■ **Work task**: In the entries that follow, how many lines contain "Happy"? Please reply with only the number.

■ **Records**:

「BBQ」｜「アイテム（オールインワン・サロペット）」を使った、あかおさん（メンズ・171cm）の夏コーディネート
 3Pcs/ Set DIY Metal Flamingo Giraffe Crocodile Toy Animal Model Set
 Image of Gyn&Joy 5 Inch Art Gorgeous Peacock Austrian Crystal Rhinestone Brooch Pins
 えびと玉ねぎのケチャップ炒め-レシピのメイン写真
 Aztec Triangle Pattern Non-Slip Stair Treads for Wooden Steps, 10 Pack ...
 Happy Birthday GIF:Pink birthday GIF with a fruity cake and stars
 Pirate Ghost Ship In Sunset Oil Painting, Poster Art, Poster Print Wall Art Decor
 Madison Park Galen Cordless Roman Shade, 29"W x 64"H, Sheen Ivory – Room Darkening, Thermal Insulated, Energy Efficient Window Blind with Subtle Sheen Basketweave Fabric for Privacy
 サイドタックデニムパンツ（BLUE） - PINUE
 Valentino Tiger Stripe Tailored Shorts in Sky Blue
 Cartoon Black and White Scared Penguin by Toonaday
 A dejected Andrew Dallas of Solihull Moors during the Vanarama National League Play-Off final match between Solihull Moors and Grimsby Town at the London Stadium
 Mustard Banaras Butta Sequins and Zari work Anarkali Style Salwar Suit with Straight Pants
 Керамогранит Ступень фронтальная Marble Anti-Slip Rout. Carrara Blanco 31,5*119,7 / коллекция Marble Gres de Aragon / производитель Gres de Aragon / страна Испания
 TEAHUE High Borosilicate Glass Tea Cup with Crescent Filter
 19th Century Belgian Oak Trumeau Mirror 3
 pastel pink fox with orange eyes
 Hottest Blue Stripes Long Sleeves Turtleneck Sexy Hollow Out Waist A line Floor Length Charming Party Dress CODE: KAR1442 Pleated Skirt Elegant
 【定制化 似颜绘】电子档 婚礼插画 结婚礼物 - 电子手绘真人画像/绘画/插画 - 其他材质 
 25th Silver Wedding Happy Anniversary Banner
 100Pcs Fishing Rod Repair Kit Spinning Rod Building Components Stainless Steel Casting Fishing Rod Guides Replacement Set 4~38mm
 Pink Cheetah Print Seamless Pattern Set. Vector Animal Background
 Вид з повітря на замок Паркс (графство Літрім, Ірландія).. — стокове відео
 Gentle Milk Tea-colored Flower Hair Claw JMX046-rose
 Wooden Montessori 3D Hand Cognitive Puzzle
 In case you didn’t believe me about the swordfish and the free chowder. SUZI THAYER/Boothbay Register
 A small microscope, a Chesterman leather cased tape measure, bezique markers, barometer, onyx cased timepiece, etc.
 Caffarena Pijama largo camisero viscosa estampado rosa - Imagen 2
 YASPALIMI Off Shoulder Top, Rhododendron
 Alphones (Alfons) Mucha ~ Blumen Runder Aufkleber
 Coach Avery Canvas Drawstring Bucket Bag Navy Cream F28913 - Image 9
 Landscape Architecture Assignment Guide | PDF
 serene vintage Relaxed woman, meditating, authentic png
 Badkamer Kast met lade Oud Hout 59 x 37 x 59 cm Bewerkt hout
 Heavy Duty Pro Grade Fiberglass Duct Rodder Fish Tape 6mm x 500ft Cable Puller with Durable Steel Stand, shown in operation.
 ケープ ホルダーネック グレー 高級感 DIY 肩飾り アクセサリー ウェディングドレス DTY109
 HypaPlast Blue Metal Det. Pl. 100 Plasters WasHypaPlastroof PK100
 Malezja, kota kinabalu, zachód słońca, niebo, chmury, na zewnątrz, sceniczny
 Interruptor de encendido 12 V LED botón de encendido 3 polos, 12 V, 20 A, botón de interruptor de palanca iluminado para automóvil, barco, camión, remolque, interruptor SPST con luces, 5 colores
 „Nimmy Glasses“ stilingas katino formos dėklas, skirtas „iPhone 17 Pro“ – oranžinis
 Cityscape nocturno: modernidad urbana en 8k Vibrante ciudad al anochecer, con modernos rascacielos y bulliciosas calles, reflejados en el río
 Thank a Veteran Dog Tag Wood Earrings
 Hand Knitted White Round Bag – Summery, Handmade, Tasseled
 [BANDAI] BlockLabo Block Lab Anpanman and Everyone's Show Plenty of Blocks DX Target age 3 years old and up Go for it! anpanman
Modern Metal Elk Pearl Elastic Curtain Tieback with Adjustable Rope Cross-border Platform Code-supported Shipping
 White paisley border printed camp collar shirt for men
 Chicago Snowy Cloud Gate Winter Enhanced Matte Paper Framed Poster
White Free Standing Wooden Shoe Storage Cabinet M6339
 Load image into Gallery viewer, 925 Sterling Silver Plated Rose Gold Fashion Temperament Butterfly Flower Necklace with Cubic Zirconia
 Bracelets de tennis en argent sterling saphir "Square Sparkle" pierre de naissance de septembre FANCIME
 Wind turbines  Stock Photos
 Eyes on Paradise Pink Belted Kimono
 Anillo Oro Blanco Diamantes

■ **Output for this exercise**: 2